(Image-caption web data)

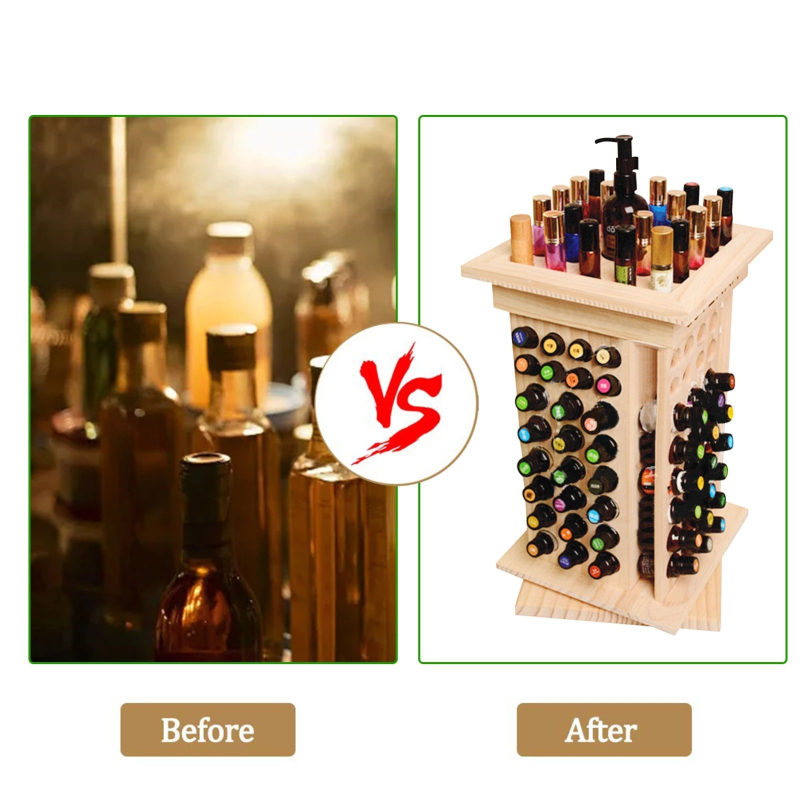 Koka 125 nodalījumu griezīgs ēterisko eļļu displejs, modelis SI1006, pielāgota apstrāde, logotipa drukāšana pieejama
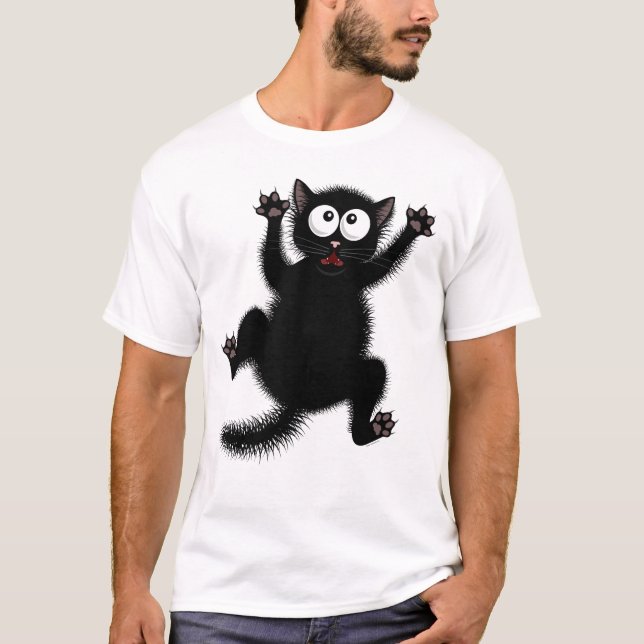 Den roliga gulliga svarten skrämmde tecknadkatten, t shirt (Framsida)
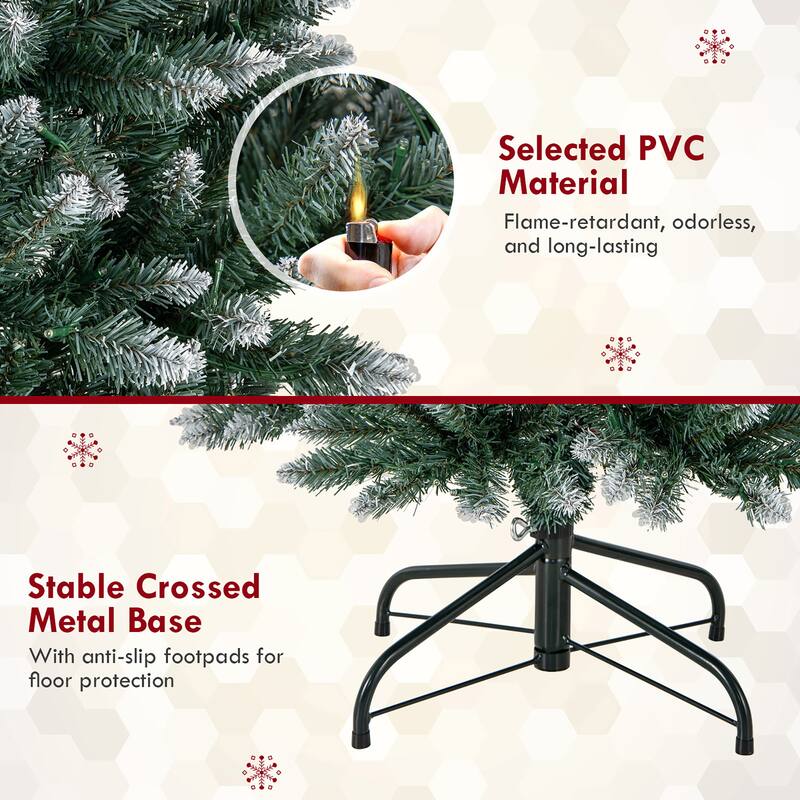 Gymax 6 FT Pre-Lit Artificial Christmas Tree Hinged Slim Pencil Xmas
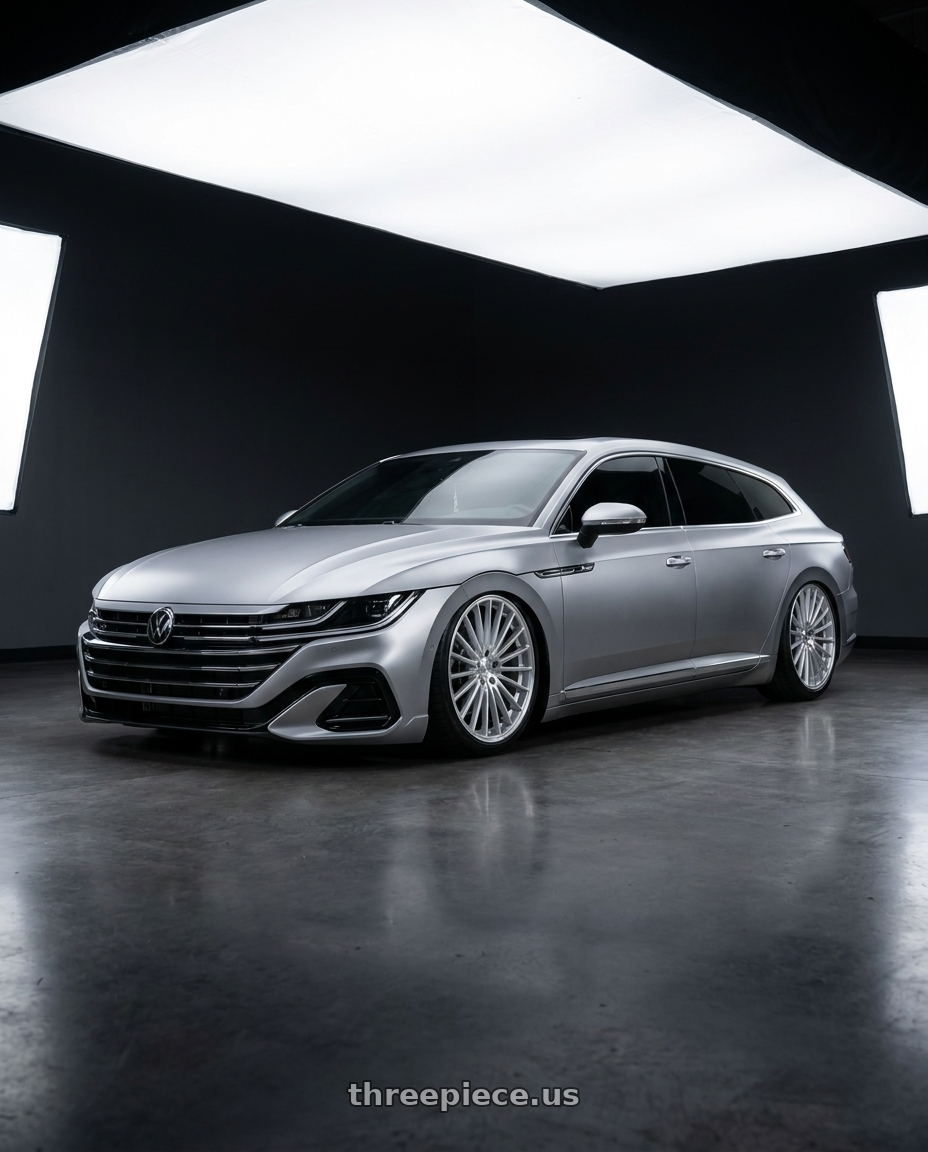 2023 Arteon shooting break with DOLCE PERFORMANCE GHOST 5x114.3 20x8.5 +38 Gloss Silver Machined Face wheels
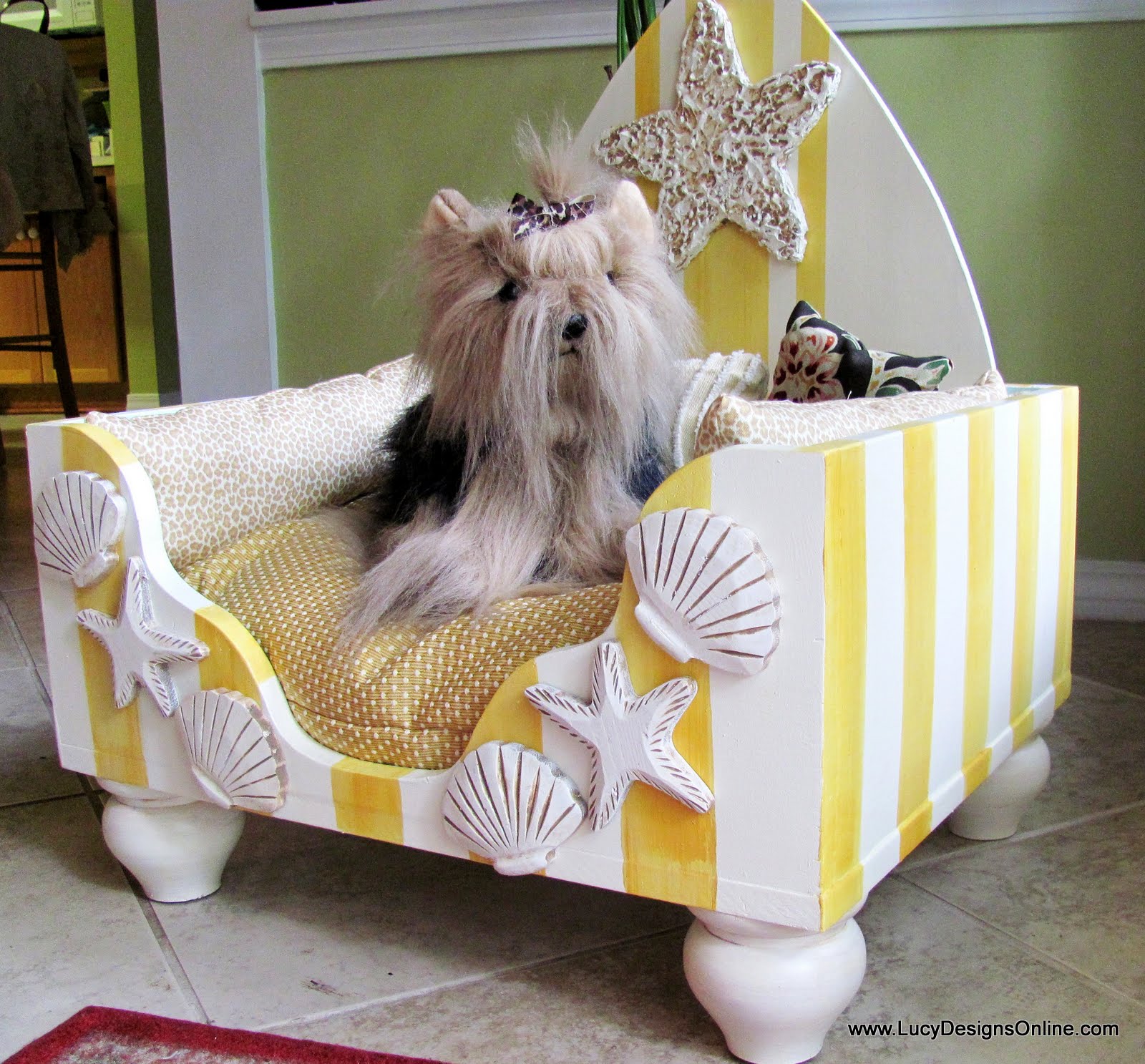 Beach Dog Bed, Beach Style Cabana Design with Skimboard Headboard, Seaside, Beach House Decor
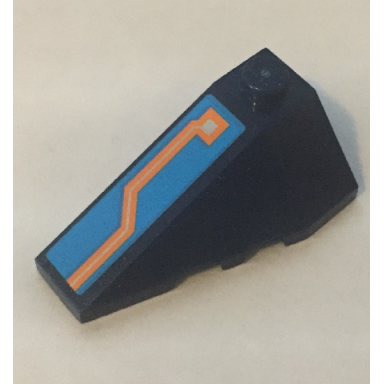 dark blue wedge 4 x 2 triple left with orange and silver circuitry on dark azure background pattern sticker - set 70351
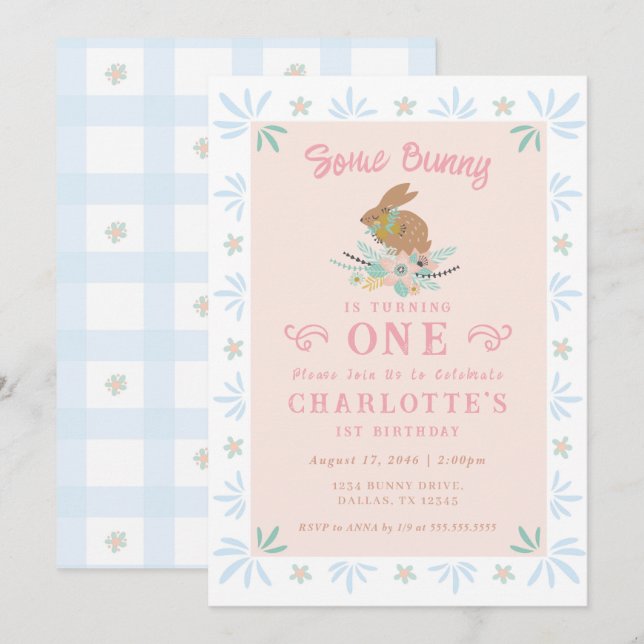 Bunny Sweet Pink Blue Kid First 1st Birthday Party Invitation (Front/Back)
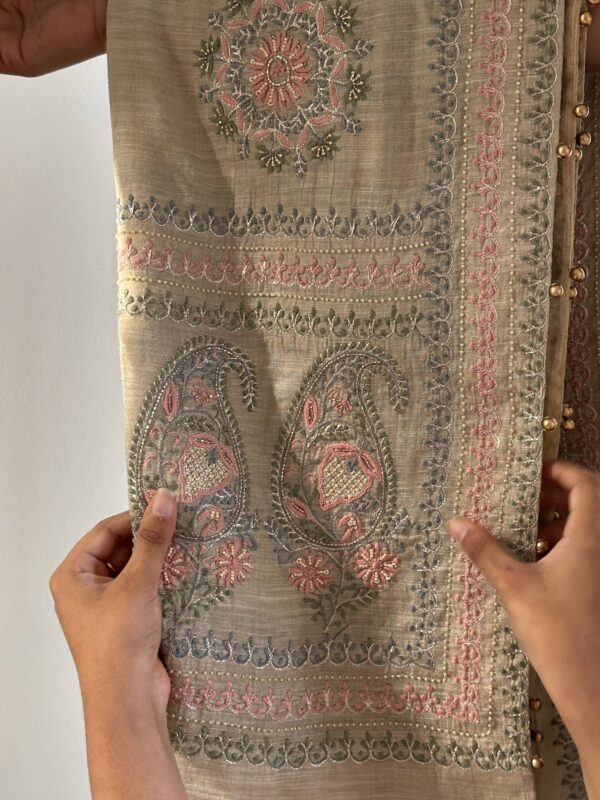Natural Shade Fine Chikankari Ari Tissue Silk Dupatta - Image 5
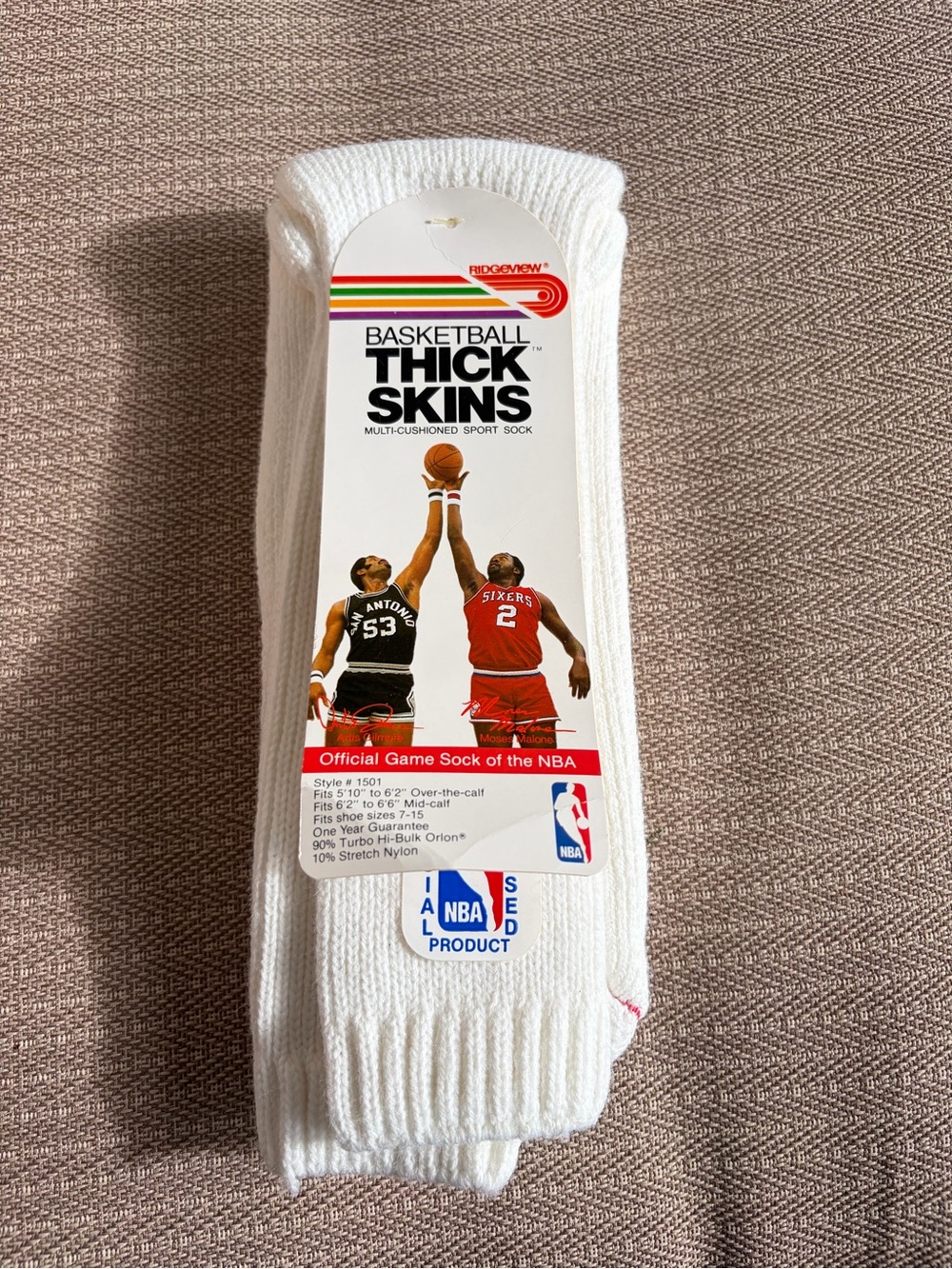 VTG 1980s NBA Thick Skins Socks Ridgeview Deadstock New Moses Malone Gilmore
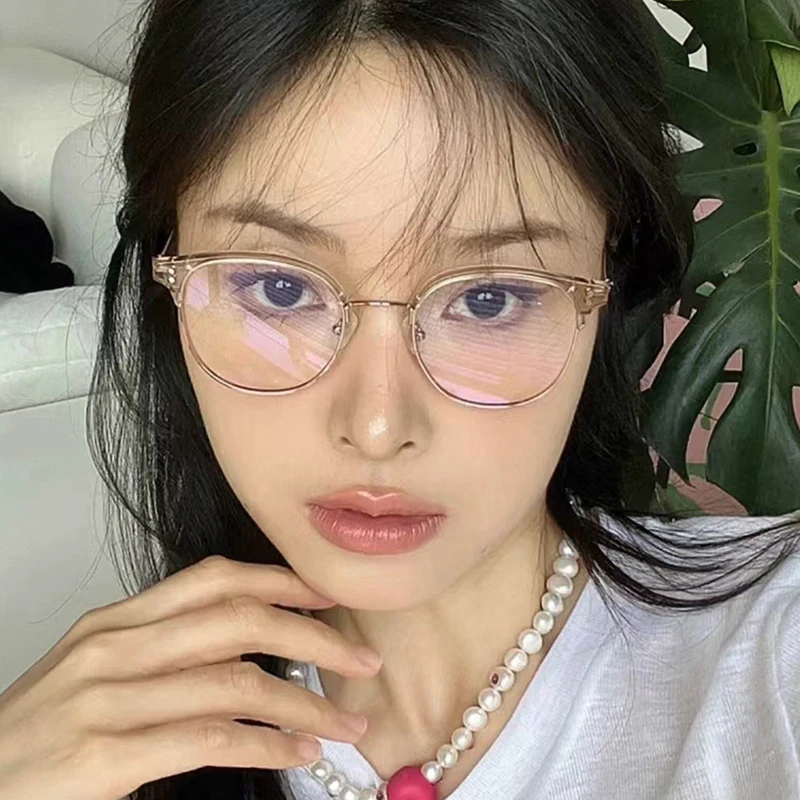 0 -0.5 -0.75 To new -6.0 Half Frame Round Nearsighted Glasses For Women 2025 TR90 Blue Light Blocking Hyperopia Eyeglasses +0.5 To +4.0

Exercise brief:
Leave the pictures aside and give the records above back word for word.

Result of the exercise:
 Koka 125 nodalījumu griezīgs ēterisko eļļu displejs, modelis SI1006, pielāgota apstrāde, logotipa drukāšana pieejama
 Den roliga gulliga svarten skrämmde tecknadkatten, t shirt (Framsida)
 Gymax 6 FT Pre-Lit Artificial Christmas Tree Hinged Slim Pencil Xmas
 2023 Arteon shooting break with DOLCE PERFORMANCE GHOST 5x114.3 20x8.5 +38 Gloss Silver Machined Face wheels
 Beach Dog Bed, Beach Style Cabana Design with Skimboard Headboard, Seaside, Beach House Decor
 dark blue wedge 4 x 2 triple left with orange and silver circuitry on dark azure background pattern sticker - set 70351
 Bunny Sweet Pink Blue Kid First 1st Birthday Party Invitation (Front/Back)
Natural Shade Fine Chikankari Ari Tissue Silk Dupatta - Image 5
 VTG 1980s NBA Thick Skins Socks Ridgeview Deadstock New Moses Malone Gilmore
 0 -0.5 -0.75 To new -6.0 Half Frame Round Nearsighted Glasses For Women 2025 TR90 Blue Light Blocking Hyperopia Eyeglasses +0.5 To +4.0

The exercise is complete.